If indeed, modern evangelicalism has made the happiness of man the ultimate goal of Christianity, and God is but the means to that end, then it too, like modern atheism, has essentially been swept up in the currents of our culture. We have used the Bible to elevate a biblical value to an unbiblical level, or as J.I. Packer said, “Our business is to present the Christian faith clothed in modern terms, not to propagate modern thought clothed in Christian terms. Confusion here is fatal.”
Man’s happiness is not the chief end of God, and neither should it be the Christian’s chief end. We don’t exalt God so that He might exalt us, but merely because God is worth our love. “If you go to God to make your life better, you’re not going to a God, you’re going to a butler” as author Timothy Keller puts it. The Bible presents salvation ultimately for the glory of God, not man’s, happiness. That’s why Christ’s synopsis of Paul’s conversion in the Book of Acts is so shocking to us: “I will show him how much he must suffer for the sake of my name.” Jesus Christ saves people not to help them in their (very Americanized) pursuit of happiness, but to demonstrate His worthiness through their salvation. If flourishing happens to be part of the package, praise God for that, too!

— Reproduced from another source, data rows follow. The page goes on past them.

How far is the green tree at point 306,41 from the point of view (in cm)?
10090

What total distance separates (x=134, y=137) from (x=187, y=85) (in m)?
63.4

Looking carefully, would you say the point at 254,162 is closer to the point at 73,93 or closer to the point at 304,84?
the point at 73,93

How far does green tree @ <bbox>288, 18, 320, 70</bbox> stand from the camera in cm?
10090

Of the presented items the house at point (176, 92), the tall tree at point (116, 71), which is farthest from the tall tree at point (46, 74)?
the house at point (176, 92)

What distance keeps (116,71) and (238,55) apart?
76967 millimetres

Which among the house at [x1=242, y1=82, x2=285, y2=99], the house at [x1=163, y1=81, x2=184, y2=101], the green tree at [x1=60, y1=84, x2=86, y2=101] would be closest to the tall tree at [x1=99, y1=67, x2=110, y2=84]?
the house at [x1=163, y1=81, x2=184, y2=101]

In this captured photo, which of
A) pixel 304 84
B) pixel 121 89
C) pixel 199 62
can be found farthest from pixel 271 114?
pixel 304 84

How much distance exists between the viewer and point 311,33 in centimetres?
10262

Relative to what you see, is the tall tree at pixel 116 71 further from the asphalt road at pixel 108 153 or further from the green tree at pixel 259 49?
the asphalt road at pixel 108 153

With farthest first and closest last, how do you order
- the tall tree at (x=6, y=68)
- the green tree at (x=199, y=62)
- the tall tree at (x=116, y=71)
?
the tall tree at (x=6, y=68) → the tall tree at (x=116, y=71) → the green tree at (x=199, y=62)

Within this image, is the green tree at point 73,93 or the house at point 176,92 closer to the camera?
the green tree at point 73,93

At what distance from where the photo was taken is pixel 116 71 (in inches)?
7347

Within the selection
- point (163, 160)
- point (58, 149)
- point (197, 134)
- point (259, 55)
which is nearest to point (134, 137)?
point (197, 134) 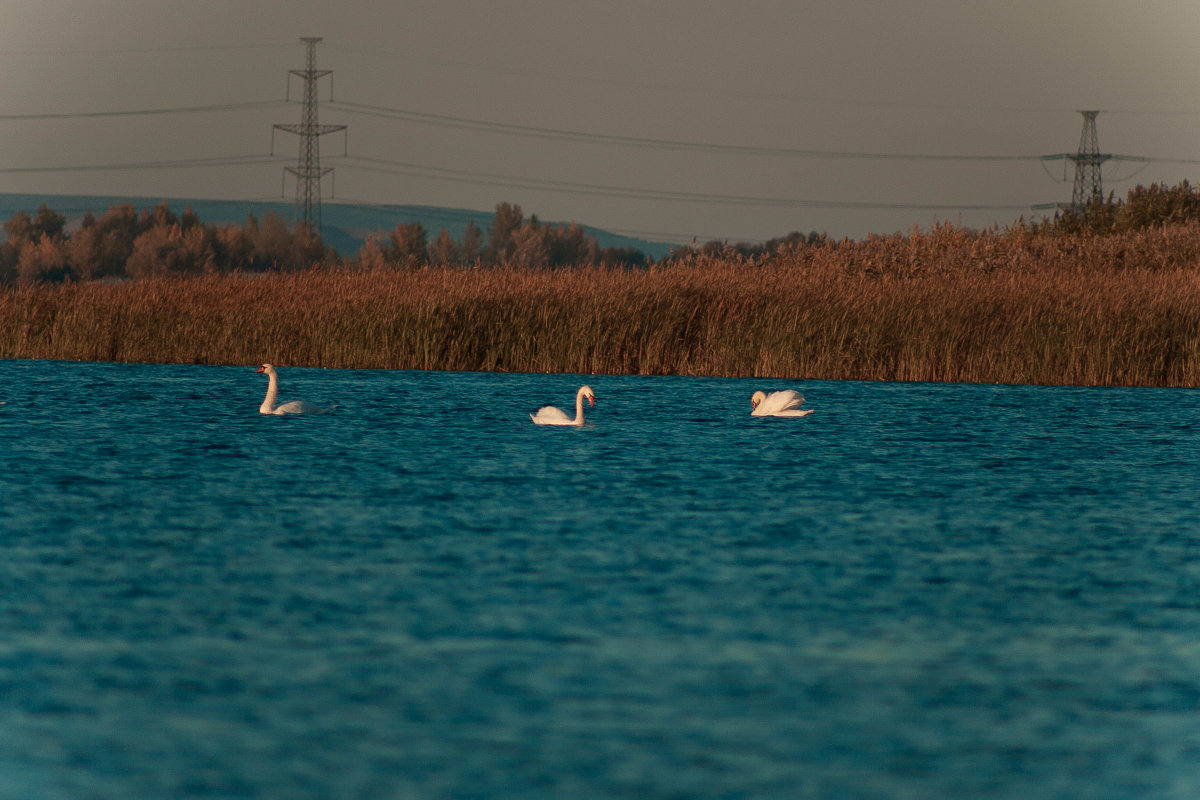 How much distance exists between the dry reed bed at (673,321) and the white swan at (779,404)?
270 inches

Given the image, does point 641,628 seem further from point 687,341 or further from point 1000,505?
point 687,341

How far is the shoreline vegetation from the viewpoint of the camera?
86.0 feet

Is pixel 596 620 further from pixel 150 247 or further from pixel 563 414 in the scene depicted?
pixel 150 247

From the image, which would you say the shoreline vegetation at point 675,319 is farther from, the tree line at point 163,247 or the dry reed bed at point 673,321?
the tree line at point 163,247

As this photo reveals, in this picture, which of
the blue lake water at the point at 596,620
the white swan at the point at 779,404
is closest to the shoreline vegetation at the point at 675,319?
the white swan at the point at 779,404

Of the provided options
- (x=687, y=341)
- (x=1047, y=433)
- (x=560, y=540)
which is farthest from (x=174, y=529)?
(x=687, y=341)

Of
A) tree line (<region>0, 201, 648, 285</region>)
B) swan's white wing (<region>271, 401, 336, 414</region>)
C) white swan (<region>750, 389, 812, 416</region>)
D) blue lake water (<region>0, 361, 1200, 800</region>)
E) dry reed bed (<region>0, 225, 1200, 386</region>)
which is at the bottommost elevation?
blue lake water (<region>0, 361, 1200, 800</region>)

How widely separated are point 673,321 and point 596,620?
19997 millimetres

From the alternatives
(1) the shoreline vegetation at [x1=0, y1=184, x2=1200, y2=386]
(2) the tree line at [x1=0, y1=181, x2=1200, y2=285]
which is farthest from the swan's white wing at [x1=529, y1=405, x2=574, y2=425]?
(2) the tree line at [x1=0, y1=181, x2=1200, y2=285]

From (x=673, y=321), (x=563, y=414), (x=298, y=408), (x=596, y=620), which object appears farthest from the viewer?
(x=673, y=321)

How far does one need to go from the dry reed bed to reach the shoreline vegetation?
4cm

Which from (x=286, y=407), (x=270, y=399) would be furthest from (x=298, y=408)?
(x=270, y=399)

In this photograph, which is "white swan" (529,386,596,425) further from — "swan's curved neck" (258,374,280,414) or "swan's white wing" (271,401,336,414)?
"swan's curved neck" (258,374,280,414)

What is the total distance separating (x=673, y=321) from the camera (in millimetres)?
28094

Nobody suffers for things they consider cheap. It’s easy to see how much a man values his career, family, savings, or reputation when he goes to extravagant lengths and experiences incredible pain to preserve them. Likewise, a Christian who endures sorrow upon sorrow to stay faithful to God shows that her delight is not in her own personal flourishing, but in knowing God in all his glory and value.
When evangelicals embrace this, our culture will begin to see that believers and nonbelievers are not merely hiking in different boots on their way to the same mountaintop, but are actually climbing two very different mountains. Then the question won’t be who will make it all the way to the top, but which mountain is worth the climb?